═════ MATERIALS PROVIDED

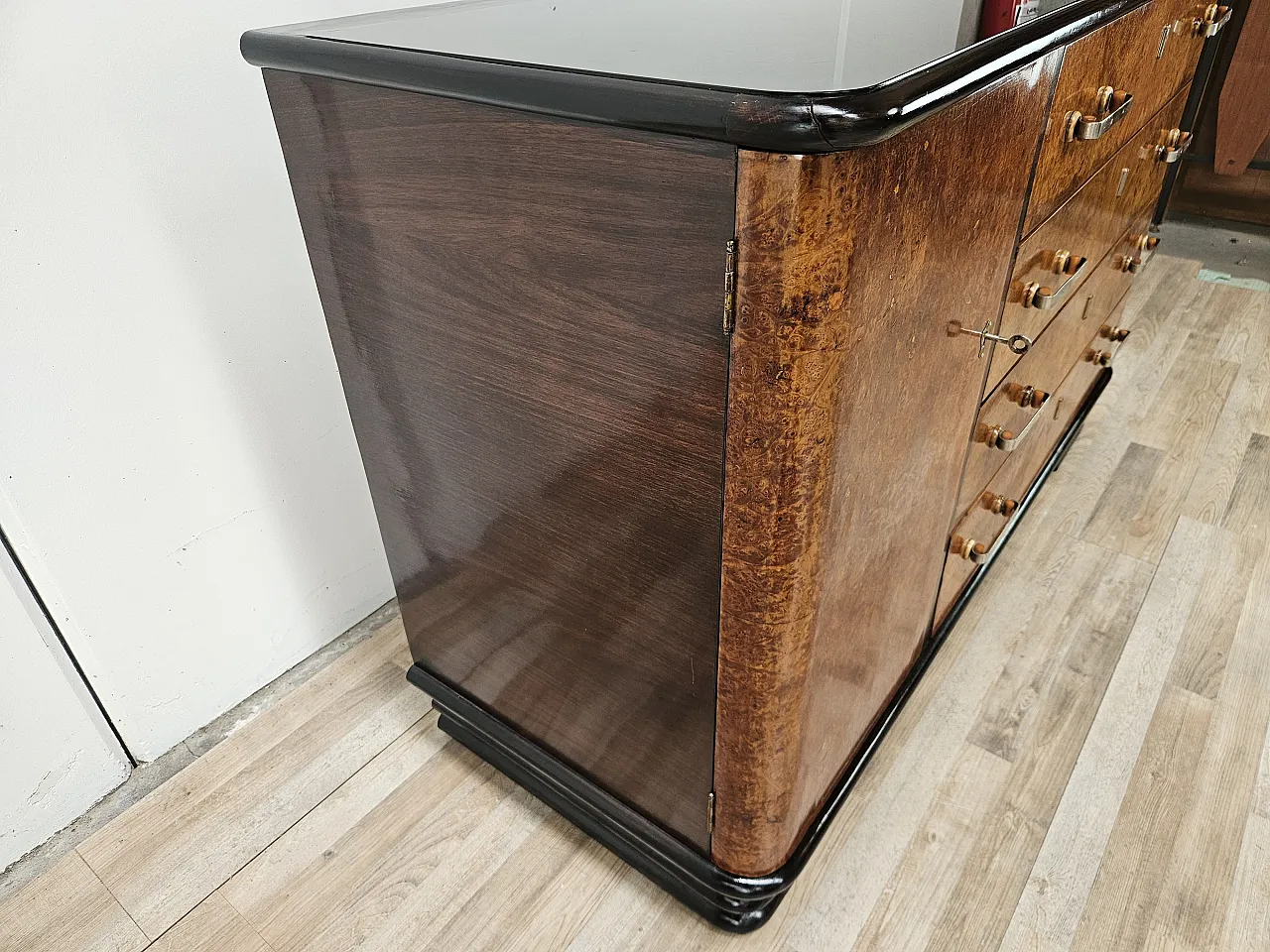 Art Decò sideboard in briar and lacquered wood, 1950s 3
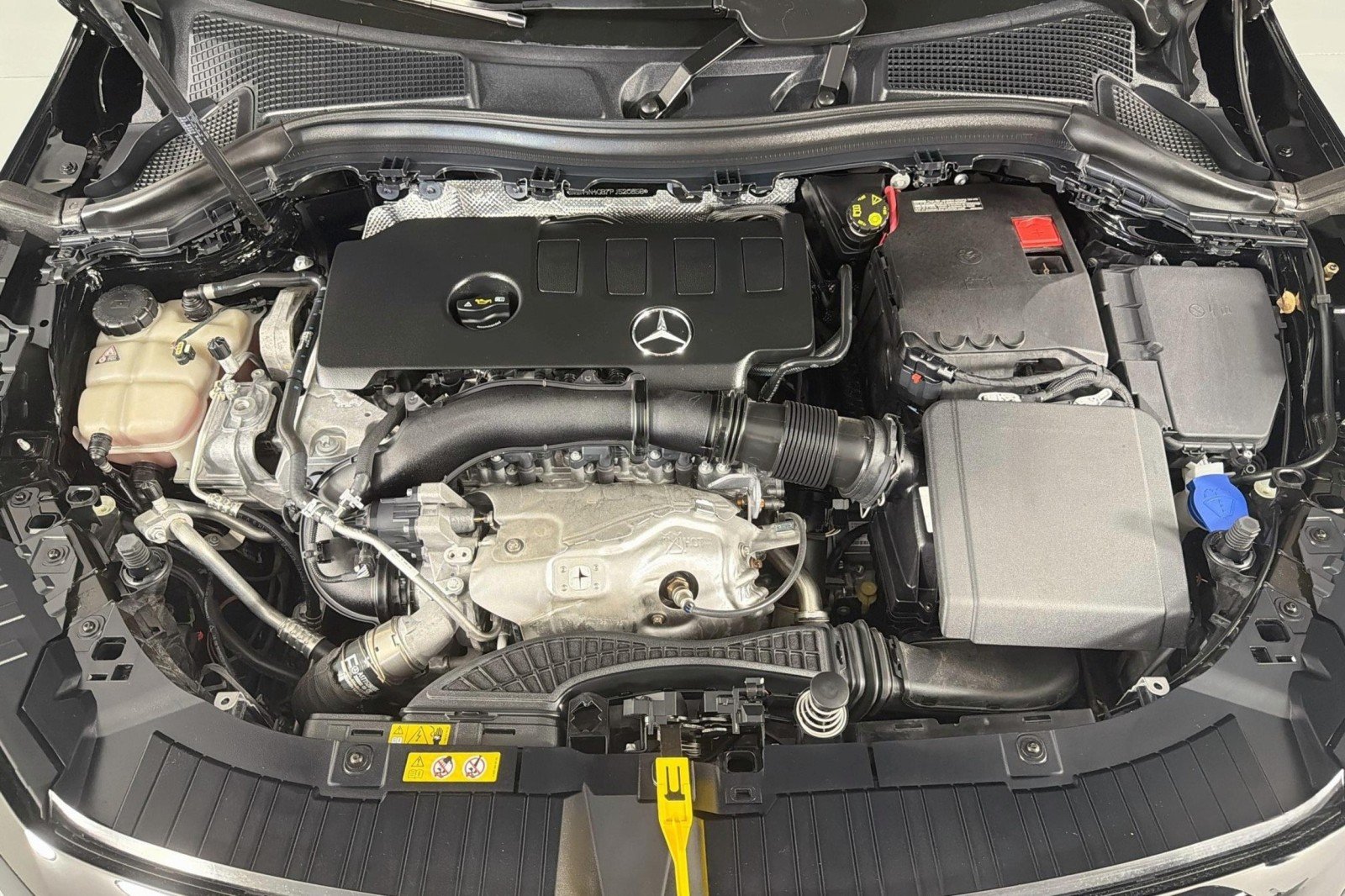 Used 2023 Night Black Mercedes-Benz 250 image 11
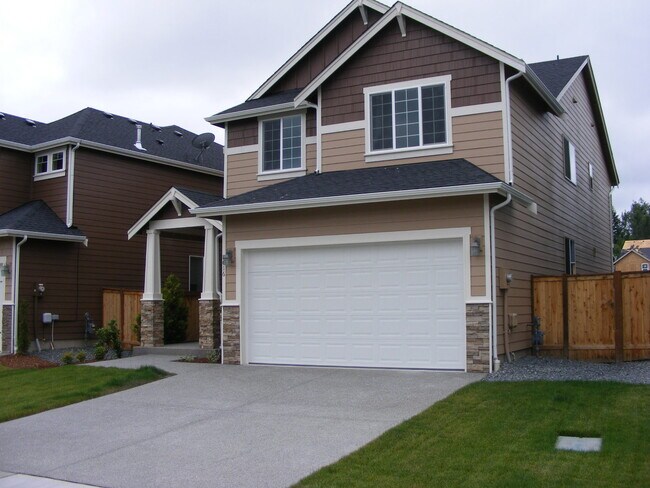 Foto del edificio - 4 bedroom plus a den in Puyallup
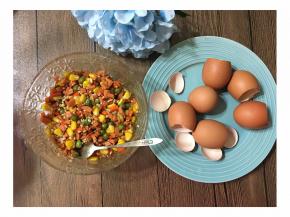 拌匀后腌制半小时，在等待研制的过程中准备好鸡蛋壳。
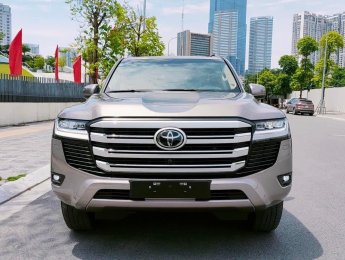 Toyota Land Cruiser 2022 - Giao ngay mới 100%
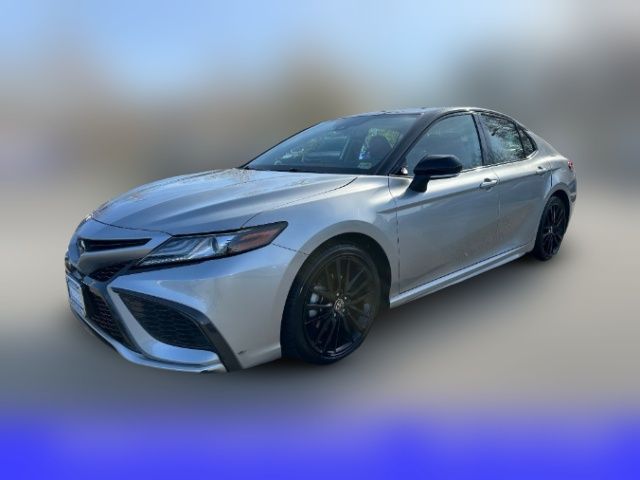 2022 Toyota Camry Hybrid XSE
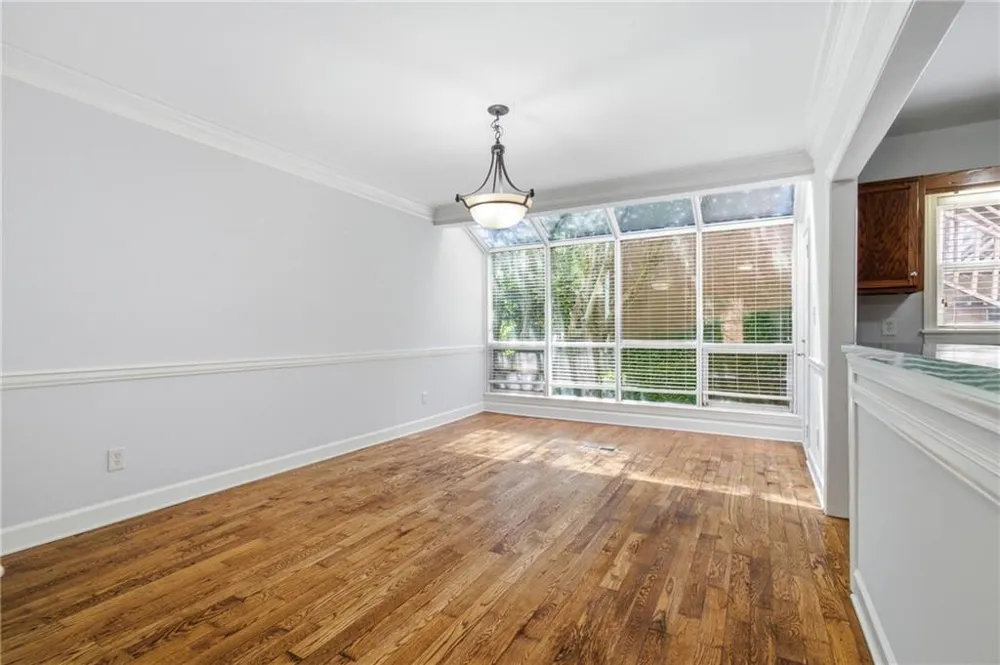 7500 Roswell Road #6 Sandy Springs, GA 30350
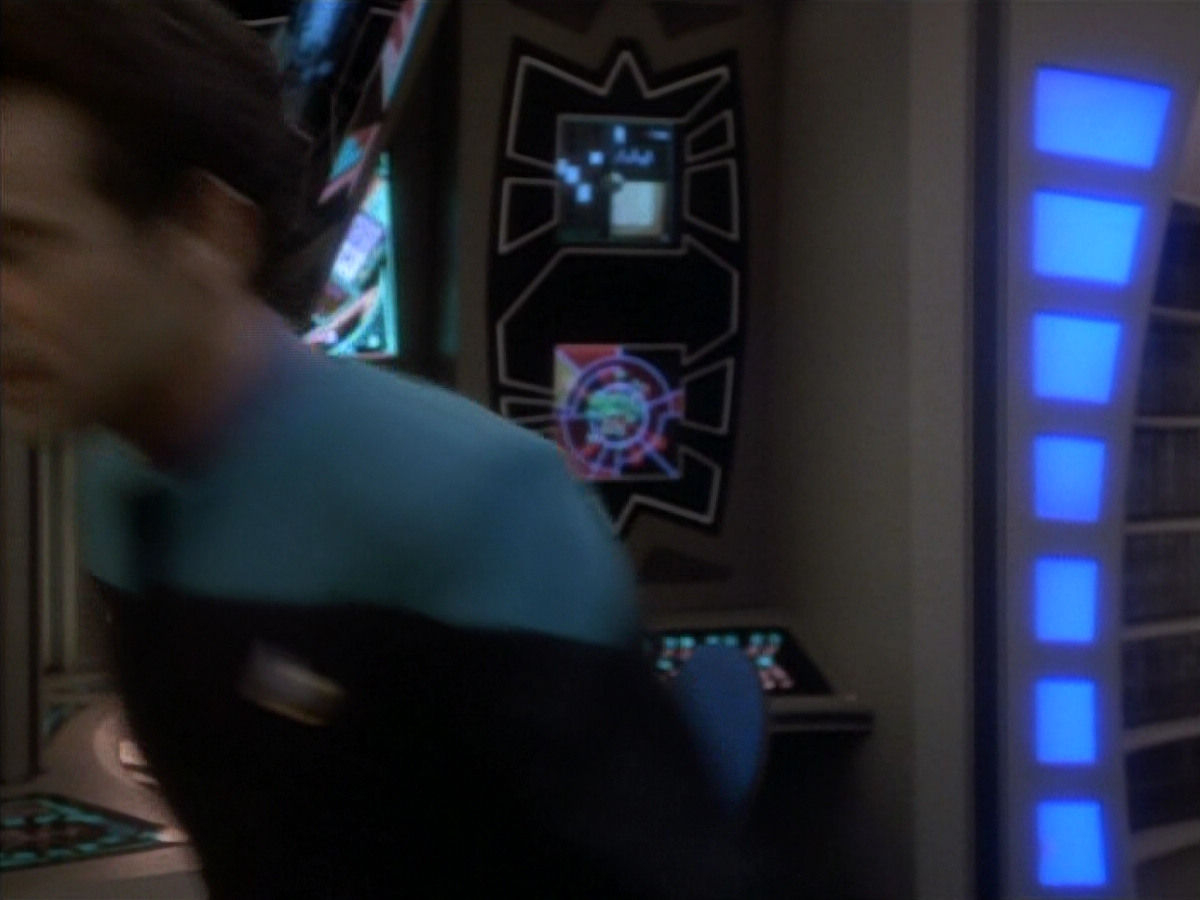 extant_StarTrekDS9_1x18-DramatisPersonae_03410.jpg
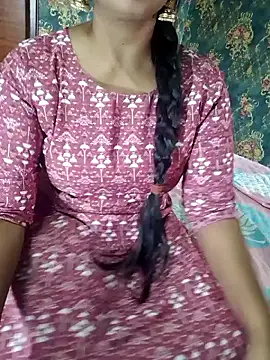 Snapshot of Shalini_telugu09 chatting on February 21, 2026, 8:26 am Shalini telugu09 online show from February 21, 2026, 8:26 am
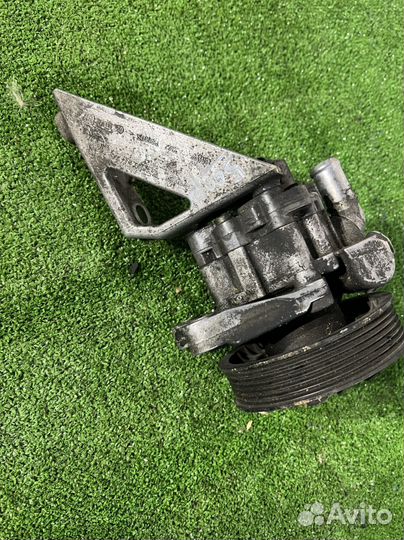 Насос гидроусилителя на bmw е90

══════════

> [THE PROBLEM]:
With pictures omitted, repeat the entries above word for word from the line holding "拌匀后腌制半小时，在等待研制的过程中准备好鸡蛋壳。" down to the line holding "extant_StarTrekDS9_1x18-DramatisPersonae_03410.jpg", keeping both of those lines.

> [WRITTEN ANSWER]:
 拌匀后腌制半小时，在等待研制的过程中准备好鸡蛋壳。
 Toyota Land Cruiser 2022 - Giao ngay mới 100%
 2022 Toyota Camry Hybrid XSE
 7500 Roswell Road #6 Sandy Springs, GA 30350
 extant_StarTrekDS9_1x18-DramatisPersonae_03410.jpg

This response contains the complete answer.